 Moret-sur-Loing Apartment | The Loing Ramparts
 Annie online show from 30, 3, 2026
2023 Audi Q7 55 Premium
#####
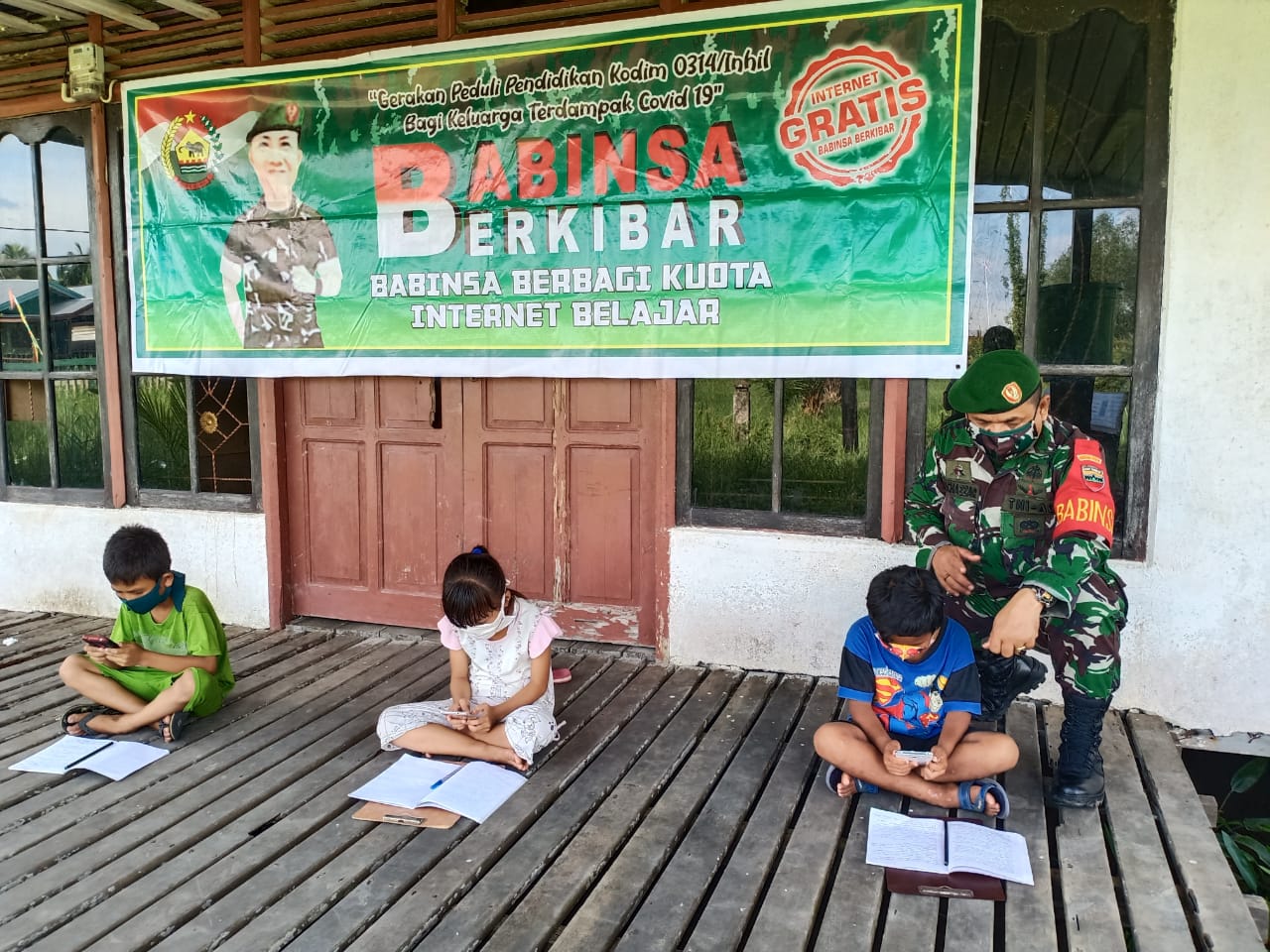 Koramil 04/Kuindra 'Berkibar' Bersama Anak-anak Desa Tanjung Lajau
#####
**DIRECTIONS FOR THIS TASK**
Could you repeat exactly the lines in the listing above from the one with "Moret-sur-Loing Apartment |" down to the one with "2023 Audi Q7 55 Premium"? Include both of those lines.

**RESPONSE AREA**
 Moret-sur-Loing Apartment | The Loing Ramparts
 Annie online show from 30, 3, 2026
2023 Audi Q7 55 Premium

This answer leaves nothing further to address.